Здесь решение встать на сторону исключенных заменяет собой традиционное философское самоисключение через созерцание. Субъект такого решения отвечает на встречу с исключенным самым радикальным образом. Поэтому здесь можно увидеть антифилософский жест, если понимать философию как сопротивление всем формам решения в пользу того или другого мнения. Однако (анти)философы следуют только тому решению, которое выводит их за рамки общества и привычного культурного контекста. Иными словами, у них есть определенный критерий для своего выбора, и они не находятся в ситуации бесконечной неопределенности, нерешительности и колебаний. Само признание другого всегда ново и обусловлено исторически. Однако решение откликнуться на встречу с другим повторяет решения предыдущих философов, откликавшихся на встречи, выводившие их за пределы социального целого.

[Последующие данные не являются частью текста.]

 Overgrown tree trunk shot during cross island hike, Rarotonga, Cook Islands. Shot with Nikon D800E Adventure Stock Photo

Таким образом, можно утверждать, что, даже если акт отклика на встречу с другим выводит философа за пределы собственной культуры, он остается добровольным актом, и в этом качестве оказывается под подозрением, что он следует некоторым привычным культурным детерминациям. Ницше, как кажется, порывает со всеми этими детерминациями, поскольку его Сверхчеловек поступает под действием витальных сил, побуждающих его к опасной жизни и риску гибели. В Сверхчеловеке слишком много энергии, чтобы ее сдерживать. Ему нужно растрачивать эту энергию, причем вместе с собственной жизнью. Ницше явил себя самым радикальным врагом традиционного идеала философского созерцания и, таким образом, самым радикальным антифилософом. Он прославляет витальность, страсть, силу, волю к власти — все те качества, которых у обычного философа очевидным образом нет. Для Ницше традиционная философская созерцательная метапозиция есть просто проявление физической и психологической слабости философов, которая мешает им вести войну, бороться за власть и рисковать жизнью.

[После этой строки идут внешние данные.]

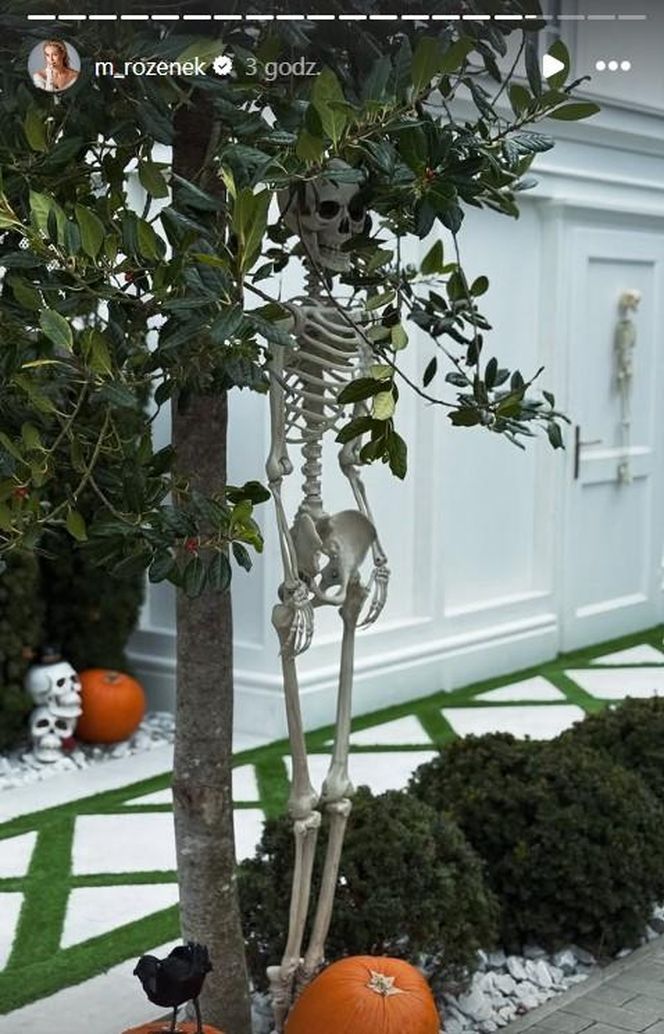 Małgorzata Rozenek-Majdan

В то же время Ницше позиционировал себя как проницательного психолога, способного провести различие между тем, кто слишком слаб, чтобы вести активную жизнь, и поэтому предпочитает смерть, и тем, кто идет на смерть, потому что его смертное тело не может сдержать его жизненную энергию. Здесь мы сталкиваемся с выбором, который не слишком отличается от выбора, описанного Кьеркегором. Поскольку слабости Ницше предпочитает взрывные жизненные энергии, он может занять метапозицию не только по отношению к обществу декаданса и упадка, в котором живет, но и по отношению ко всей истории философии. Здесь вечный космический порядок заменяется вечной жизненной энергией, а математические доказательства — интенсивностью жизни и желания. Благодаря этому видно, что позиция, которую занимают Ницше и его последователи, в частности, Батай или Делез, на самом деле вполне традиционная. Энергия, витальность, желание — все это безличные и вечные силы, которые всегда уже действуют в людях и через них и проявляются только в момент экстатического принятия риска смерти. Этот момент уникален, но силы, явленные в этом моменте, — нет. И апроприация философским дискурсом этого момента как аналогичного состоянию философского эпохе — тоже всего лишь повтор.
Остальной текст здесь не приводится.